Guy Fawkes is remembered as a symbol of resistance. Popular culture has made him a legend, from the popular folk verse to the movie “V for Vendetta” to anarchist groups that take up the likeness of Guy Fawkes as their mask:
“Remember, remember!
The fifth of November,
The Gunpowder treason and plot;
I know of no reason
Why the Gunpowder treason
Should ever be forgot! …“
The best memorial of this, however, is current resistances done in its spirit.
Civil rights activist, Freedom Rider, and longtime war tax resister Wally Nelson once asked, “What would you do if someone came to your door with a cup in hand asking for a contribution to help buy guns and kill a group they didn’t like?”
Throughout this nation’s history, the power of the protest has empowered the voiceless and bolden the meek. In response to major injustices, governmental abuses and grave and reckless acts of violence, the citizenry has had the option to resist and strike against the common flow — through strikes, peaceful resistance and, in rarer cases, riots.

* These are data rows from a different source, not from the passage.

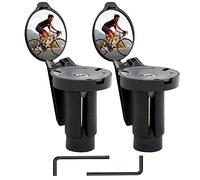 Specchietto Retrovisore Specchietti Bici Mini 360 ° Regolabile Specchio da Manubrio Pieghevole Lente Convessa Specchietto per Bicicletta Mountain Bike Corsa Ciclismo Bici 2 Pezzi
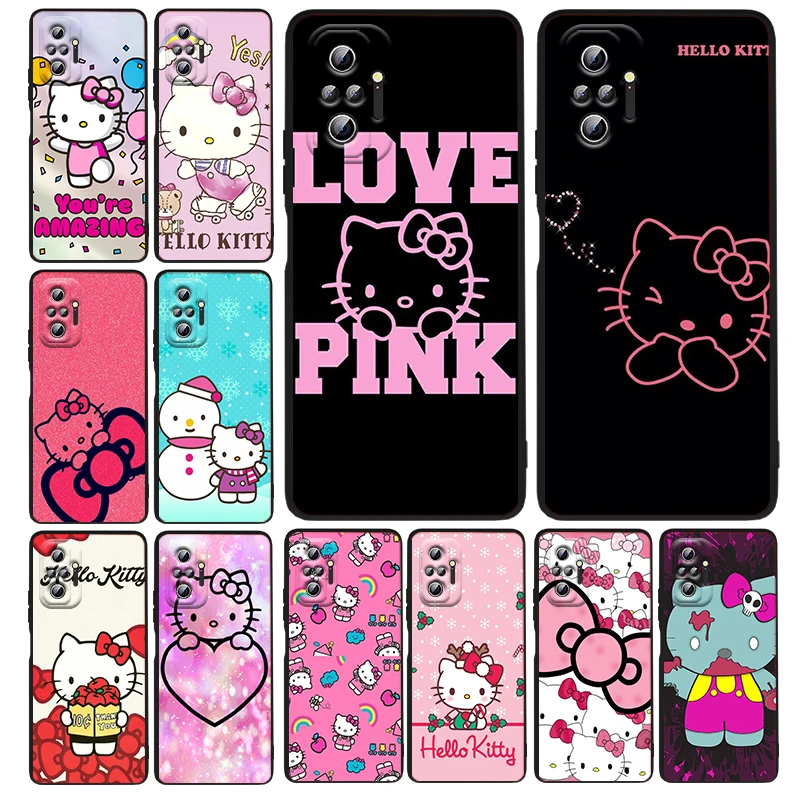 

Cartoon Hello Kitty Cute Phone Case For Xiaomi Redmi K50 K40 Gaming 10 9AT 9A 9C 9T 8 7A 6A 5 4X Black Funda Silicone Cover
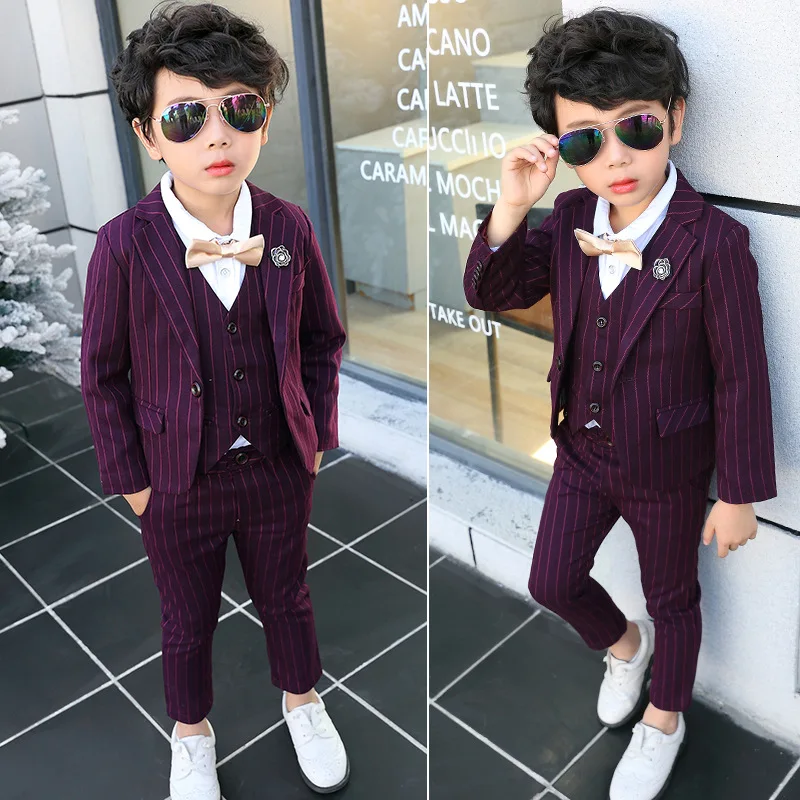 Japan Boys Jacket Vest Pants 3PCS Wedding Suit Gentleman Kids Birthday Performance Dress Children Enfant Garcon Mariage Costume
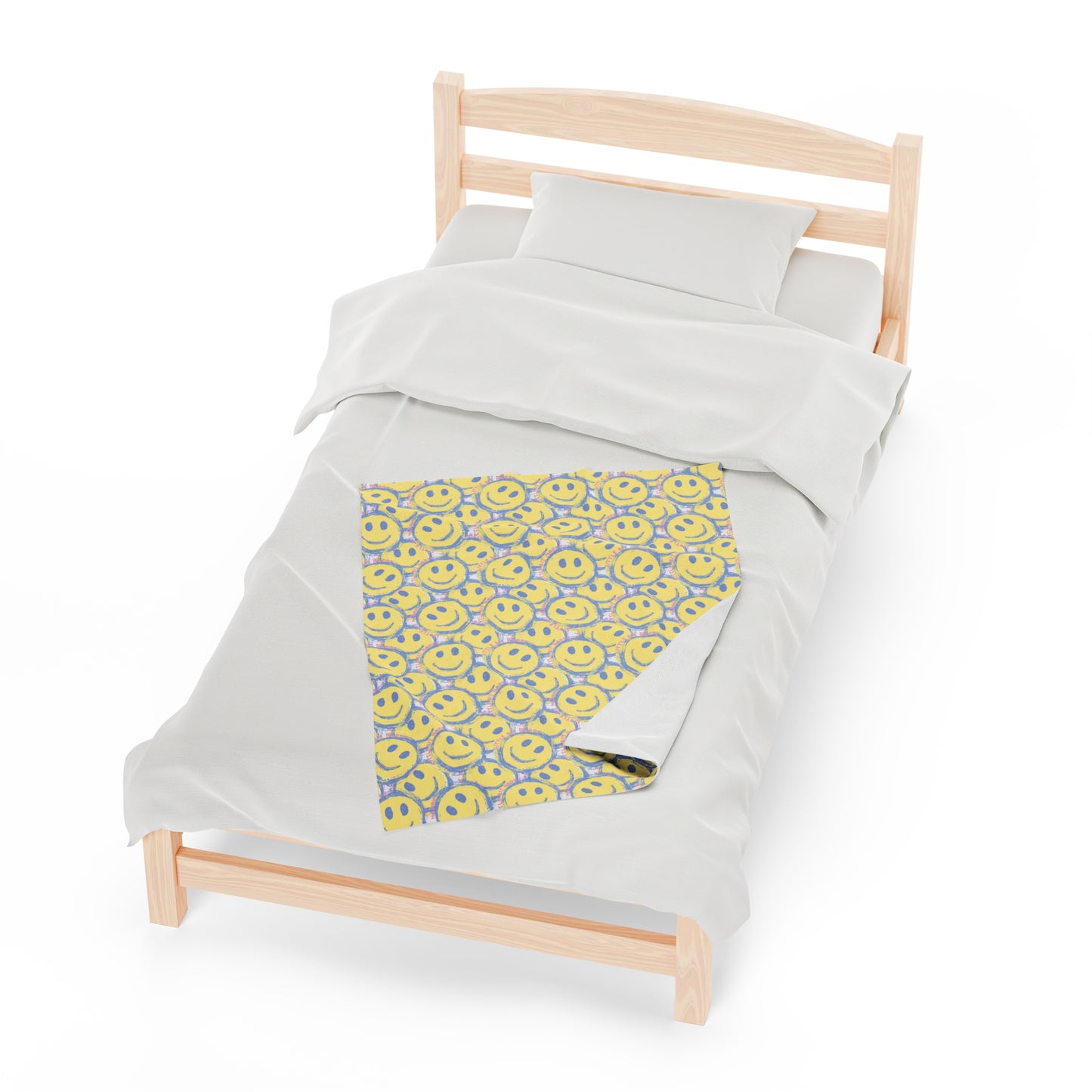 Little Bit Happy Velveteen Plush Blanket, 3 Sizes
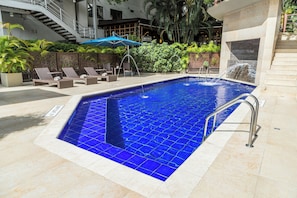 Outdoor pool, pool umbrellas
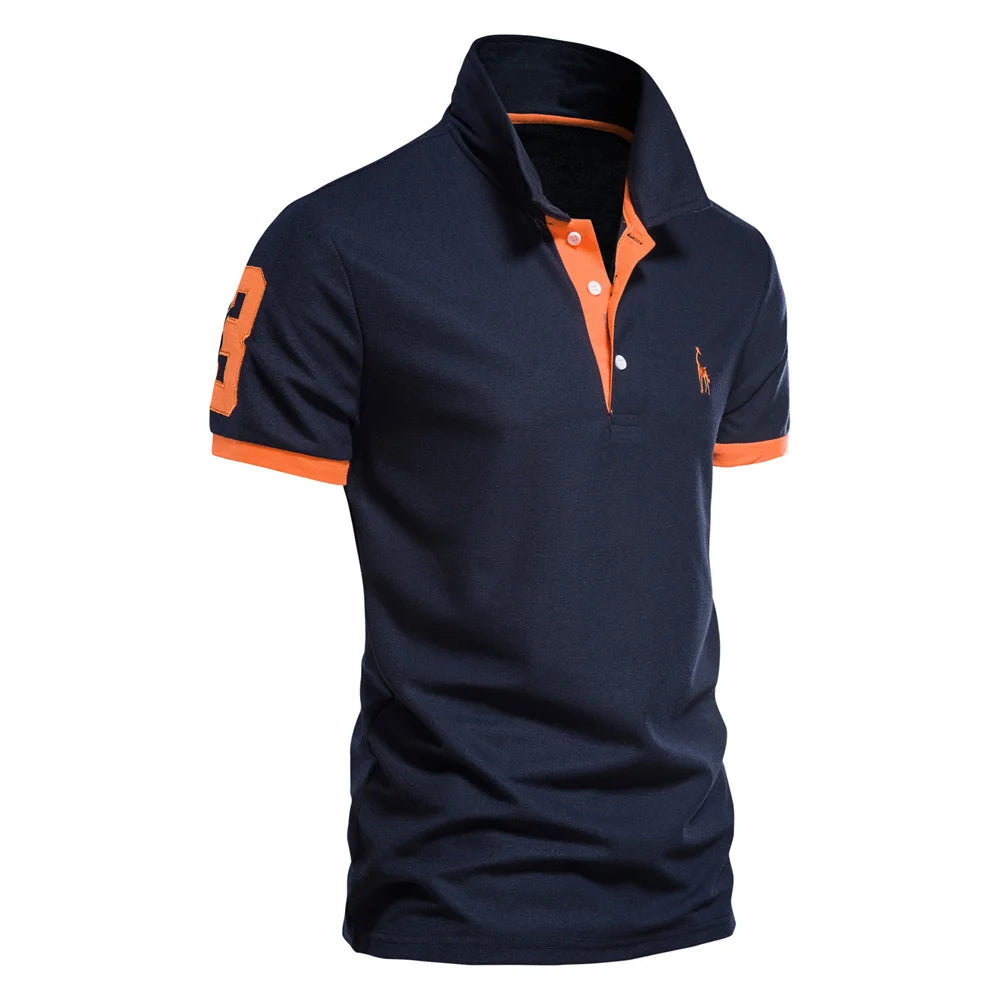 Polo slim fit décontracté – couleur unie, col classique, AIOPESON brodé, coton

In America today, a different kind of resistance is taking place in opposition to America’s involvement in two separate, decade-long military operations. Thousands of individuals have decided to hit Uncle Sam where it hurts — the wallet — by denying payment of all or part of their income tax.
As stated on the War Resisters League’s website:
“It is clear that the U.S. government’s ability to threaten, coerce, and, if deemed necessary, make war on other nations is a direct result, not only of our economic might, but also the unprecedented size of our military arsenal, which is now far larger than that of all our allies and “enemies” combined. It is equally clear that the maintenance of this arsenal depends upon the willingness of the American people — through their federal tax payments — to finance it.
Refusal to pay taxes used to finance unjust wars, along with refusal by soldiers to fight in them, is a direct and potentially effective form of citizen noncooperation, and one that governments cannot ignore. War tax refusal has a long and honorable tradition among religious and secular opponents of war.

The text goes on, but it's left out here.